Este año, entre las diferentes secciones del certamen: Oficial fantàstic a competició, Sitges collection, Midnight x-treme, Serial, Collection, Documenta, Noves visions, Panorama, Òrbita y Anima’t se han proyectado un total de 252 largometrajes y 143 cortometrajes, lo cual suma la estremecedora cifra de 28.841 minutos de metraje en su totalidad. Ante tal abrumadora programación, permítanme aquí la novatada de un servidor que se organizó un festival reflexionando sobre si era más conveniente ver cinco películas en un día o ver una película cinco veces, a pesar de creer, también, que un evento de tal magnitud conlleva coquetear un poco con el exceso.

Mi primera jornada en Sitges arrancó con la proyección inaugural de Alpha, tercera película de la directora francesa Julia Ducournau, ganadora de la Palma de Oro en Cannes por Titane en 2021, cuya ópera prima, Crudo, también fue presentada en el certamen de 2017 con una muy buena acogida.

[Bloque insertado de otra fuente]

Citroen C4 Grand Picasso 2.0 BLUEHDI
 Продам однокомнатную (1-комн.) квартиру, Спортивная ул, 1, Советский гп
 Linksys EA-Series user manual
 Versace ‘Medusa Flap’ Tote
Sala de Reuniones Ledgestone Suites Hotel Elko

La materia prima y objeto de interés de Julia Ducournau siempre ha sido el cuerpo, no tanto el cuerpo como un estado transitorio de cambio, sino como mutación y expansión hacia otros territorios, incluso el espiritual y el transhumanista. Pero si en su anterior filme la autora parecía renegar de la trama eyectando al espectador hacia fuera con cambios bruscos llenos de rabia (la mutación se daba tanto dentro de la protagonista como en un artefacto fílmico de difícil acoplamiento); la narrativa de Alpha parece, a priori, más plausible y menos esquiva. También más exasperada y menos conclusiva, pese a la falta de aclaración sobre un virus que convierte a los seres humanos infectados en estatuas de mármol. En ese sentido, quizás tenga más conveniencias con su ópera prima, o quizás sus saltos temporales en el relato nos quieran decir todo lo contrario. Lo que sí podemos dilucidar con mayor precisión es una sensibilidad más íntima y más dramática que en sus anteriores proyectos.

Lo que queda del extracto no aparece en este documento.